Would you transcribe each entry exactly as it stands, omitting the pictures?
#### Supplied information
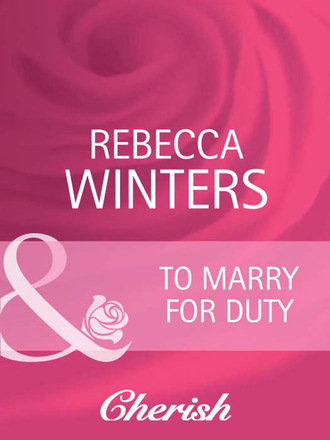 Rebecca Winters. The Husband Fund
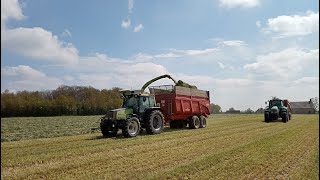 ensilage d'herbe 2023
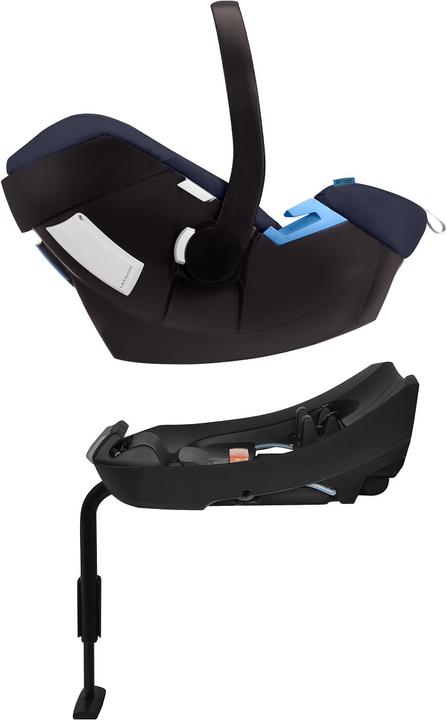 Actual product image Cybex Aton Base 2-fix (Baby car seat, ECE R129/i-Size Standard)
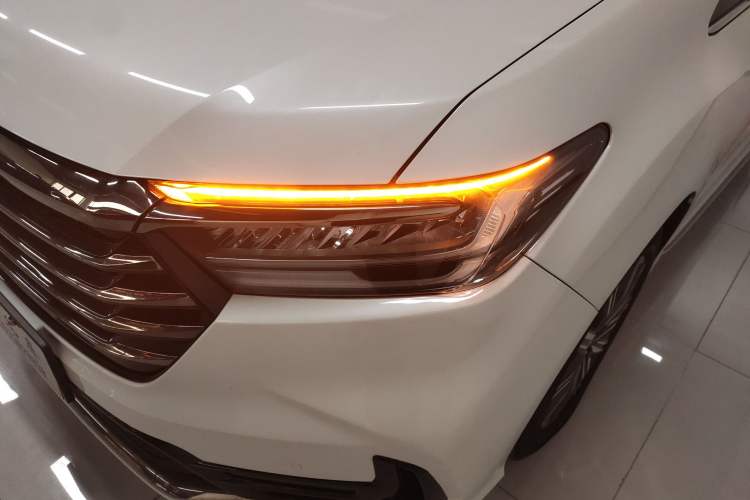 Used Honda Odyssey 2022 2.0L eHEV Sharp Enjoyment Edition Left Front Headlight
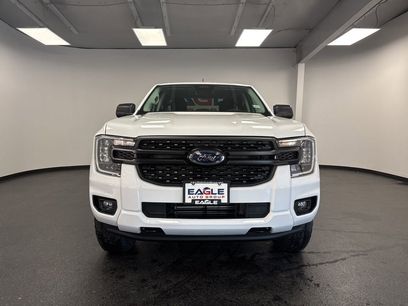 New 2025 Ford Ranger XL w/ Trailer Tow Package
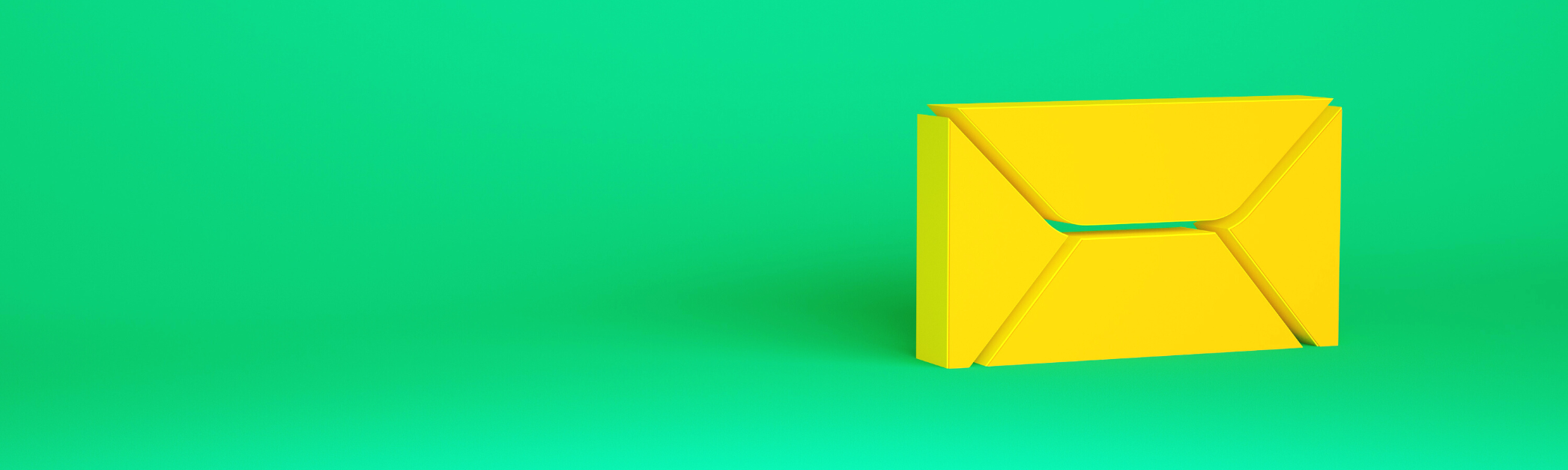 Winning new recipients for e-mail marketing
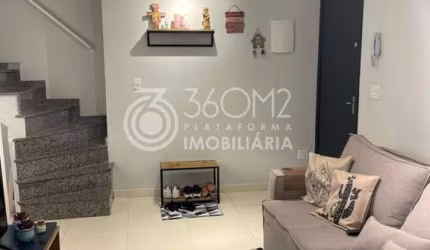 Cobertura para Venda em Santo André, Vila Linda, 2 dormitórios, 2 banheiros, 1 vaga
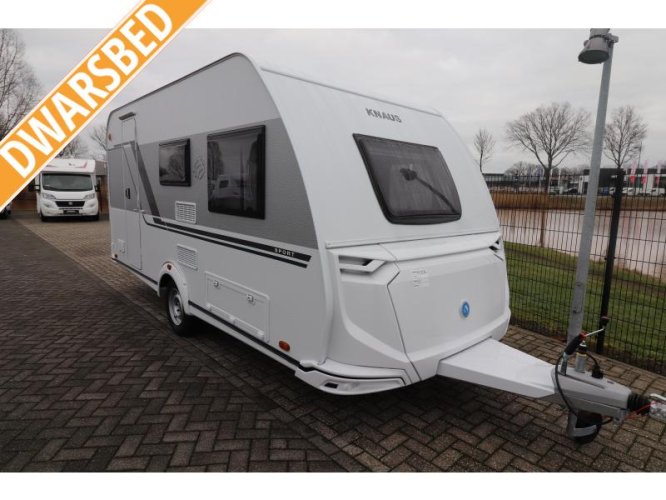 Knaus Sport 420 QD GRATIS ENDURO MOVER 685  hoofdfoto: 1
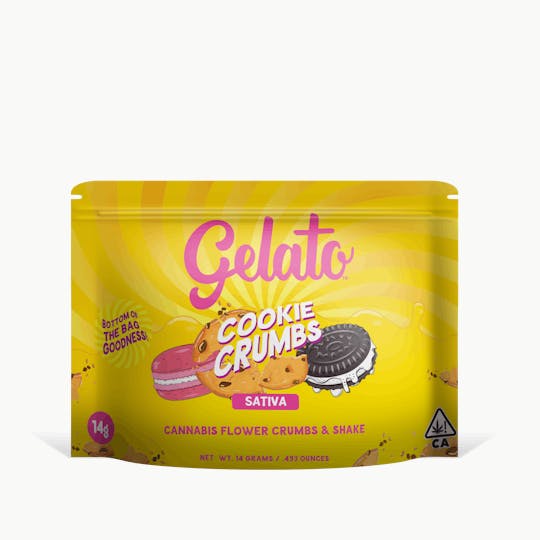 Gelato - Blackberry Haze Cookie Crumbs 14G - 1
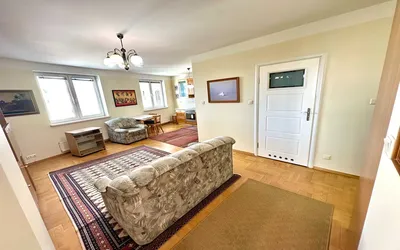 Nowsze-Mokotów-55m-ul.Orzycka-Nowsze-2 pok-balkon-ochrona-bardzo ciche - miniatura 3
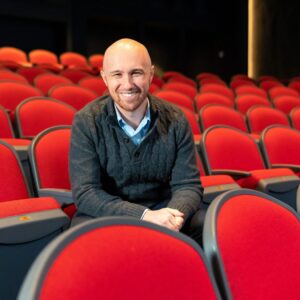 A New Name In Wisconsin Theater, Director Jacob Janssen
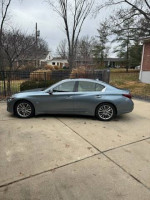 INFINITI Q 115,000 mi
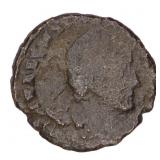 Valentinian II AD364-375 Nummus Roman coin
########
Your response>
 Rebecca Winters. The Husband Fund
 ensilage d'herbe 2023
 Actual product image Cybex Aton Base 2-fix (Baby car seat, ECE R129/i-Size Standard)
 Used Honda Odyssey 2022 2.0L eHEV Sharp Enjoyment Edition Left Front Headlight
 New 2025 Ford Ranger XL w/ Trailer Tow Package
 Winning new recipients for e-mail marketing
 Cobertura para Venda em Santo André, Vila Linda, 2 dormitórios, 2 banheiros, 1 vaga
 Knaus Sport 420 QD GRATIS ENDURO MOVER 685  hoofdfoto: 1
 Gelato - Blackberry Haze Cookie Crumbs 14G - 1
 Nowsze-Mokotów-55m-ul.Orzycka-Nowsze-2 pok-balkon-ochrona-bardzo ciche - miniatura 3
 A New Name In Wisconsin Theater, Director Jacob Janssen
 INFINITI Q 115,000 mi
 Valentinian II AD364-375 Nummus Roman coin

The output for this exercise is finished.